A conventional threshold (k out of n) visual secret sharing scheme encodes one secret image P into n transparencies (called shares) such that any group of k transparencies reveals P when they are superimposed, while that of less than k ones cannot. We define and develop general constructions for threshold multiple-secret visual cryptographic schemes (MVCSs) that are capable of encoding s secret images P₁,P₂,...,P_s into n shares such that any group of less than k shares obtains none of the secrets, while 1) each group of k, k+1,..., n shares reveals P₁, P₂, ..., P_s, respectively, when superimposed, referred to as (k, n, s)-MVCS where s=n-k+1; or 2) each group of u shares reveals P(r_u) where r_u ∈ {0,1,2,...,s} (r_u=0 indicates no secret can be seen), k ≤ u ≤ n and 2 ≤ s ≤ n-k+1, referred to as (k, n, s, R)-MVCS in which R=(r_k, r_k+1, ..., r_n) is called the revealing list.
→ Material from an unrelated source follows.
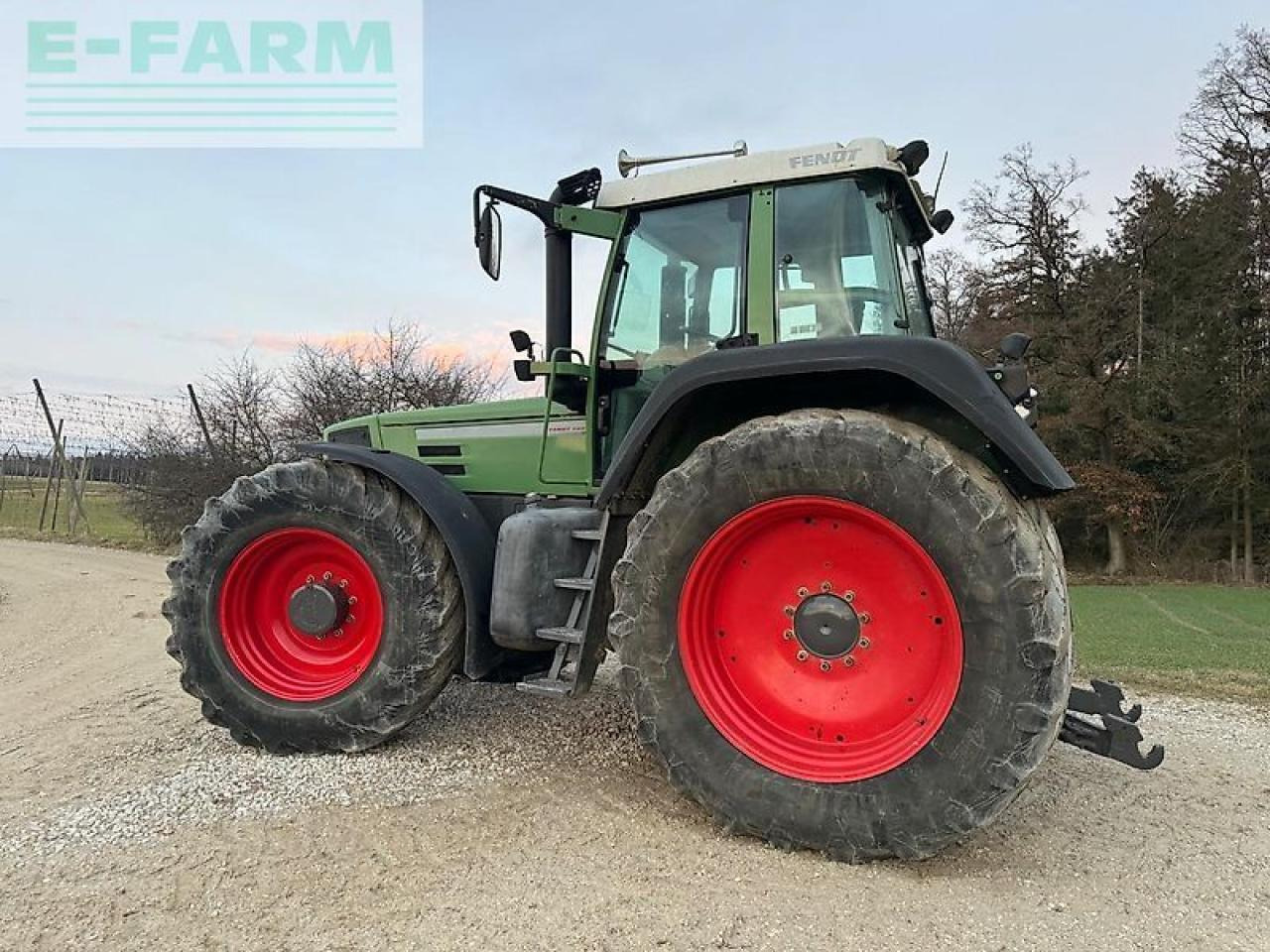 Fendt favorit 924 vario - טרקטור חקלאי: תמונה 3 Fendt favorit 924 vario - טרקטור חקלאי: תמונה 3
We adopt the skills of linear programming to model (k, n, s) - and (k, n, s, R) -MVCSs as integer linear programs which minimize the pixel expansions under all necessary constraints. The pixel expansions of different problem scales are explored, which have never been reported in the literature. Our constructions are novel and flexible. They can be easily customized to cope with various kinds of MVCSs.